Synthesizing question answering data from financial documents: An End-to-End Multi-Agent Approach
Problem Statement
Deploying LLMs for financial numerical reasoning is expensive and slow at enterprise scale, while SLMs require high-quality domain-specific fine-tuning data that traditionally demands costly manual expert annotation. This bottleneck limits the practical adoption of smaller, more efficient models in financial NLP applications.

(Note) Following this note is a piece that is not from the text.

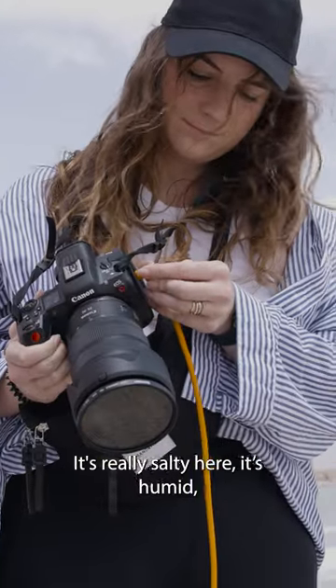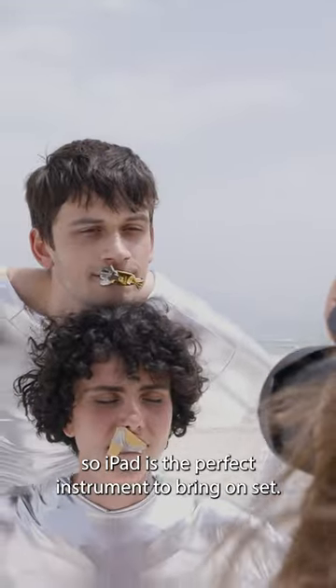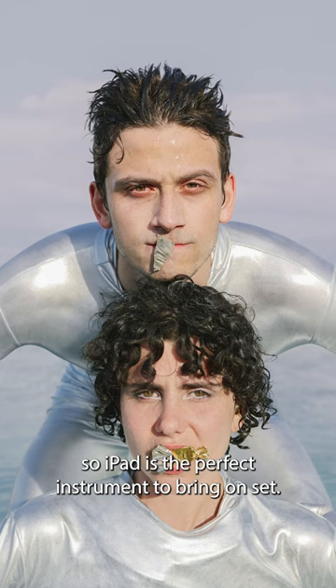It's really salty here, it's humid, the temperatures are high, so iPad is the perfect instrument to bring on set.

The scattered and heterogeneous nature of financial documents further complicates automated data extraction and QA generation.
Key Novelty
- Modular, scalable agentic pipeline that autonomously extracts, selects, and structures relevant content from unstructured financial documents end-to-end
- Automated synthetic QA data generation tailored for numerical reasoning over financial documents, replacing the manual annotation bottleneck
- Demonstrated that SLMs fine-tuned on pipeline-generated synthetic data achieve competitive in-distribution performance and superior out-of-distribution generalization compared to models trained on manually curated data
Evaluation Highlights
- One SLM trained on synthetic data achieved competitive in-distribution performance relative to models trained on prior manually generated datasets
- All tested SLMs fine-tuned on synthetic data demonstrated superior generalization (out-of-distribution performance) compared to counterparts trained on manual data
Breakthrough Assessment
Methodology
- Step 1 – Content Extraction & Selection: Agents parse unstructured financial documents, identify numerically relevant sections (tables, narratives), and select content pertinent to complex reasoning queries
- Step 2 – QA Pair Generation: A generation agent synthesizes diverse, high-quality question-answer pairs requiring numerical reasoning from the selected content, mimicking expert annotation patterns
- Step 3 – SLM Fine-tuning & Evaluation: Small language models are fine-tuned on the synthetic QA dataset and evaluated on both in-distribution and out-of-distribution benchmarks against models trained on manually annotated data
System Components
Extracts and structures raw content (text, tables, figures) from unstructured financial documents such as annual reports and earnings filings
Identifies and filters the most relevant numerical and contextual information needed for complex financial reasoning questions
Generates diverse question-answer pairs requiring multi-step numerical reasoning from the selected financial content
Ensures generated QA pairs meet domain-specific quality standards before inclusion in the fine-tuning dataset
Orchestrates supervised fine-tuning of small language models using the synthetic QA dataset to enable cost-effective deployment
Results
| Metric/Benchmark | Baseline (Manual Data) | This Paper (Synthetic Data) | Delta |
|---|---|---|---|
| In-distribution performance (best SLM) | Competitive reference | Competitive (matches baseline) | ~Neutral |
| Out-of-distribution generalization (all SLMs) | Lower generalization | Superior generalization | Positive improvement |
| Manual annotation effort | High (expert required) | Eliminated (automated) | Significant reduction |
Key Takeaways
- Multi-agent pipelines can effectively replace costly manual annotation for domain-specific QA datasets, making SLM fine-tuning more accessible for enterprise financial NLP
- Synthetic data generated by agentic pipelines can yield better generalization than manually curated data, suggesting that diversity and scale from automation may outweigh the precision of human annotation
- Practitioners should consider modular, agent-based data synthesis as a first-pass strategy when entering new financial sub-domains where labeled data is scarce or expensive to acquire
Abstract
Answering complex questions that require numerical reasoning over financial documents is challenging due to the diverse and scattered nature of relevant information. While large language models (LLMs) excel at financial reasoning, their enterprise deployment is often limited by cost and latency. Small language models (SLMs) present a cost-effective alternative but need to be fine-tuned with high-quality, domain-specific question-answer (QA) data. Acquiring such data requires manual expert annotation, presenting a bottleneck to the wider application of SLMs. This work introduces a modular, scalable end-to-end agentic pipeline that extracts and selects relevant content from unstructured financial documents and then generates QA pairs from the selected content for SLM fine-tuning. Compared to the same models trained on previous manually generated data for the task, one of the models trained on our pipeline-produced synthetic data achieved competitive in-distribution performance, and all tested models demonstrated superior generalization. The framework thus demonstrates considerable potential to accelerate the deployment of smaller, cost-effective models by reducing manual data creation efforts.